Nigeria 2020: More Powers To The Taxman

As the last month of 2019 rolls by, there are indications that whatever euphoria that may usher in the new year of 2020, may be short-lived for many Nigerians. And this may be due to the incoming regime of new taxes that may increase the complement of extant ones, a widened tax-net and expanded powers of the tax authorities across the country.

Among the most worrisome to the Nigerian public for now is the plan by the government that as from January 2020, no bank customer will carry out any transaction in the country’s banks without a Tax Identification Number (TIN). The National Assembly has just passed a Finance Bill which effectively conscripted the country’s banks into the government’s tax drive .According to the Minister of Finance Zainab Ahmed as soon as President Muhamadu Buhari signs the bill into law, persons intending to open new bank accounts will have to provide a TIN, just as older customers will also provide same before carrying out any transactions.

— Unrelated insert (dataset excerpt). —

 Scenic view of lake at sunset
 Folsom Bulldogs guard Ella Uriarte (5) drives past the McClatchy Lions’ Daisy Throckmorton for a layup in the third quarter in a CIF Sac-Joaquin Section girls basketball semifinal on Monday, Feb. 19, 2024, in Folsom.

The aim of this measure is to expand the tax net to accommodate as many Nigerian taxable citizens as possible. According to a recent study on Nigeria by the international Monetary Fund (IMF), only 10 million out of a possible 77 million Nigerians are in the tax net. And these comprise those who are easily identified and compelled to be taxed such as public servants, and operators in the formal sector of the economy. The rest of the possible entrants into the tax net are mostly operators in the informal sector who are only taxed when they have official business with government regulatory agencies or banks as the case may be.

Government attention on them becomes easily understandable given the potential of humongous harvest of tax revenue derivable from them. Beyond the conscription of the banks to cage Nigerian taxable persons, is the complement of efforts to tax the informal sector directly. The Rivers State government for example recently released a chart of rates for assessing and collecting taxes from all categories of informal sector operators ranging from street hawkers to operators of medium scale factories.

The chart which delineates the taxable persons and entities into three categories of micro, small and medium business sizes provides an interesting experiment on managing the regulation, and taxation of the SMEs. Government’s interest in the informal sector is coming against the backdrop of its apparently increasing desperation over the mismatch between its revenue base and the budgetary obligations.

For instance, in the forthcoming 2020 budget which is still in the works, the sum of N2.18 trillion or 1.52% of the country’s Gross Domestic Product (GDP) is earmarked for deficit, in order that government will meet its obligations. And this sum is to be funded through borrowings from both domestic private and foreign sources. Based on this consideration President Buhari resubmitted a request for a fresh foreign loan of  $29.96 Billion which many Nigerians have raised strong reservations against. The reservations are informed by the widespread mistrust of the government’s management of public finance, especially the regime of foreign loans.

Of particular concern is the matter of Chinese loans the considerations of which have shed goose pimples on many Nigerians, over what happens if this country defaults on such facilities, given the unforgiving disposition of the Asian giant to insolvent debtors. On a daily basis the tales fly out on how the Chinese seize the valued assets of countries that fail to pay their debts, with several East African countries as examples.

There is therefore a gnawing feeling among not a few Nigerians that the new powers granted the tax authorities are intended as a fall back dispensation just in case the government fails to secure the loans.  However more significant is the situation whereby government is squeezing the citizenry into further economic straits when the economy is yet to bounce back into a sustainable expansion to provide for increasing prosperity for the people. Even as the government may not admit readily, its Economic Recovery and Growth Programme (ERGP) is yet to manifest sustainable growth.

Hence the question of how the government will expect optimal tax returns from the citizenry. In the final analysis while the tax authorities may have been granted more powers, the dwindling pockets of the citizenry need to be factored in with respect to government expectations of more tax revenue in 2020.